## Task to carry out
Look through the material below. Return exactly the lines from the one with "SIIDE TABLE MARBLE" through the one with "Vintage 1980s Winks", both included.
Segment Start: Recorded information
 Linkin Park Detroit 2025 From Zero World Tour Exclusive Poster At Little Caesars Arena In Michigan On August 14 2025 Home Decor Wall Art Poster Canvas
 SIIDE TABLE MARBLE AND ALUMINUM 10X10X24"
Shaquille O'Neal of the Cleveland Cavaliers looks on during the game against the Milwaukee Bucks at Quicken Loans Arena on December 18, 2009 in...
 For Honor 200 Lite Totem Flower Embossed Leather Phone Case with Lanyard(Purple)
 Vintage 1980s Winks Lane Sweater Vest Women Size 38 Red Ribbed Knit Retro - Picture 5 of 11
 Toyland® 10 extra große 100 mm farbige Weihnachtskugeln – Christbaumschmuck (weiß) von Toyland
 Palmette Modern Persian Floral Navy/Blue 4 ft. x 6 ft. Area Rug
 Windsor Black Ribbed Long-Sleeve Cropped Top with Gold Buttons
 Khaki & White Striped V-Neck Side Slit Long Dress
Segment End: Recorded information
Segment Start: Recorded information
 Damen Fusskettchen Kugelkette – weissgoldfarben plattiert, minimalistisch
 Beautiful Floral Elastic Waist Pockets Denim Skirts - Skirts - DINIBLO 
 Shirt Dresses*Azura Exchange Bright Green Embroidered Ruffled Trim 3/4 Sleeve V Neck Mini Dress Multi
Segment End: Recorded information
Segment Start: Recorded information
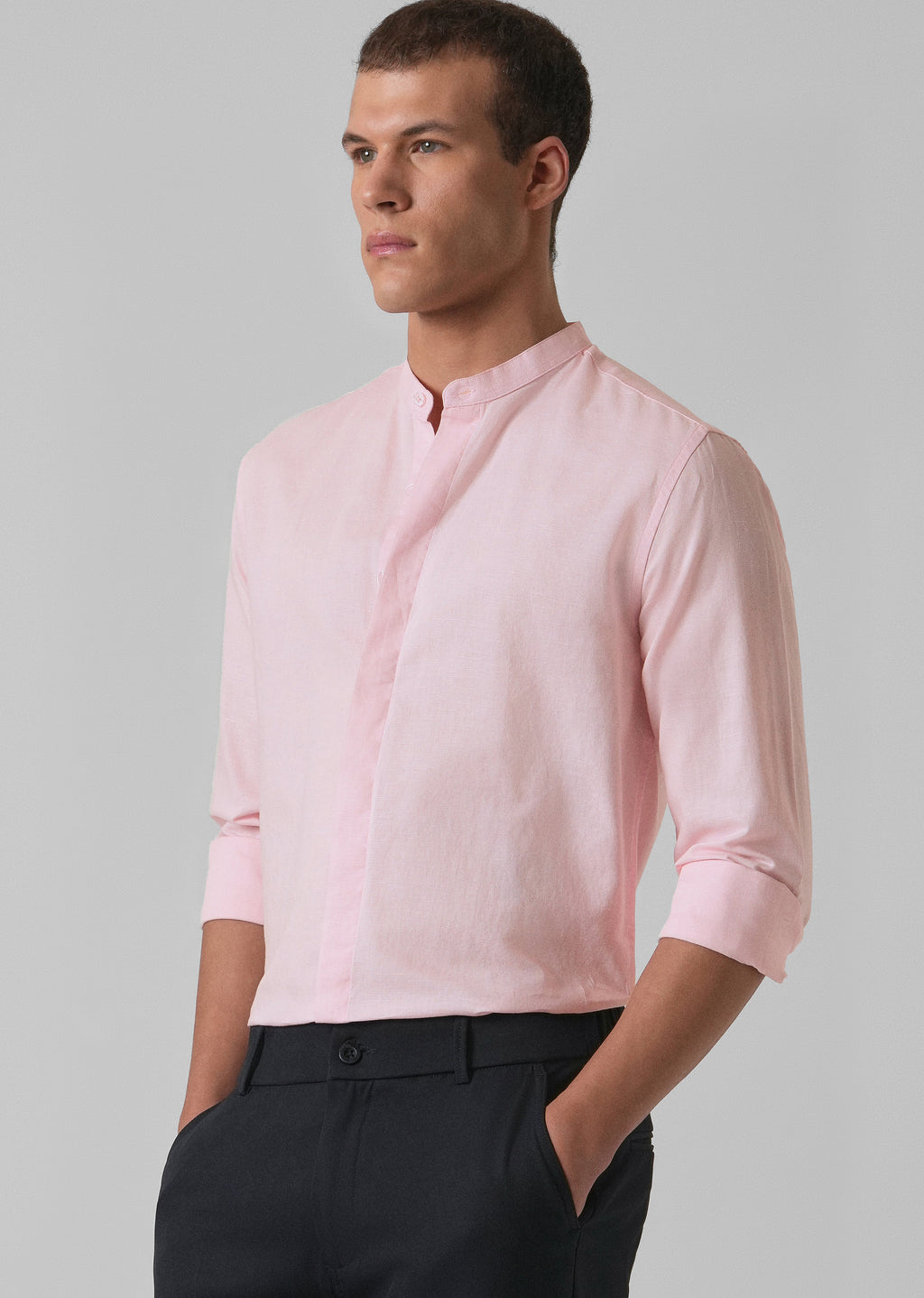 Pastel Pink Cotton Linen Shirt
Segment End: Recorded information
## Written answer
 SIIDE TABLE MARBLE AND ALUMINUM 10X10X24"
Shaquille O'Neal of the Cleveland Cavaliers looks on during the game against the Milwaukee Bucks at Quicken Loans Arena on December 18, 2009 in...
 For Honor 200 Lite Totem Flower Embossed Leather Phone Case with Lanyard(Purple)
 Vintage 1980s Winks Lane Sweater Vest Women Size 38 Red Ribbed Knit Retro - Picture 5 of 11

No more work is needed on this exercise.